PROBLEM DESCRIPTION
Word for word, output every line of the material below, minus pictures.

INFORMATION SUPPLIED
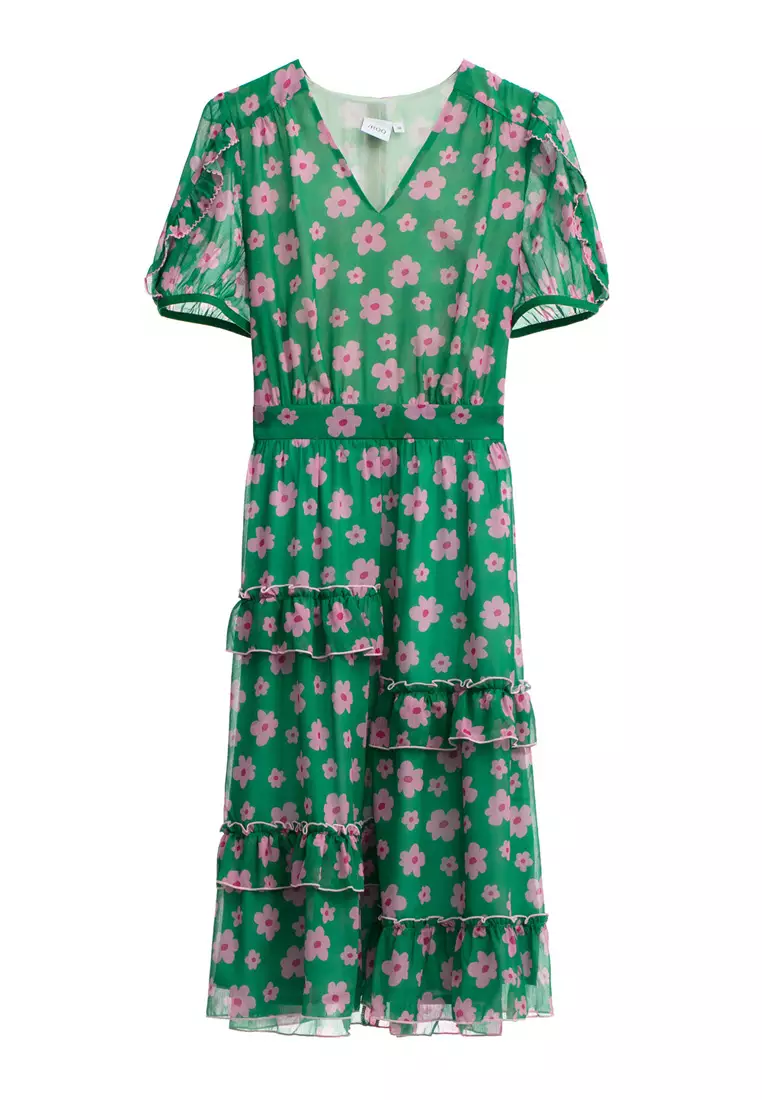 Buy iROO VNeck Floral Print Ruffle Dress 2024 Online ZALORA Philippines
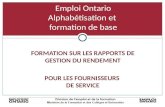 Emploi Ontario Alphabétisation et  formation de base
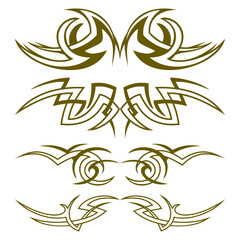 tribal tattoo and flame tattoo collection set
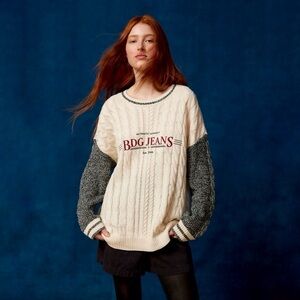 BDG Jeans Cable Knit Spliced Sweater NWT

REPLY
 Buy iROO VNeck Floral Print Ruffle Dress 2024 Online ZALORA Philippines
 Emploi Ontario Alphabétisation et  formation de base
 tribal tattoo and flame tattoo collection set
 BDG Jeans Cable Knit Spliced Sweater NWT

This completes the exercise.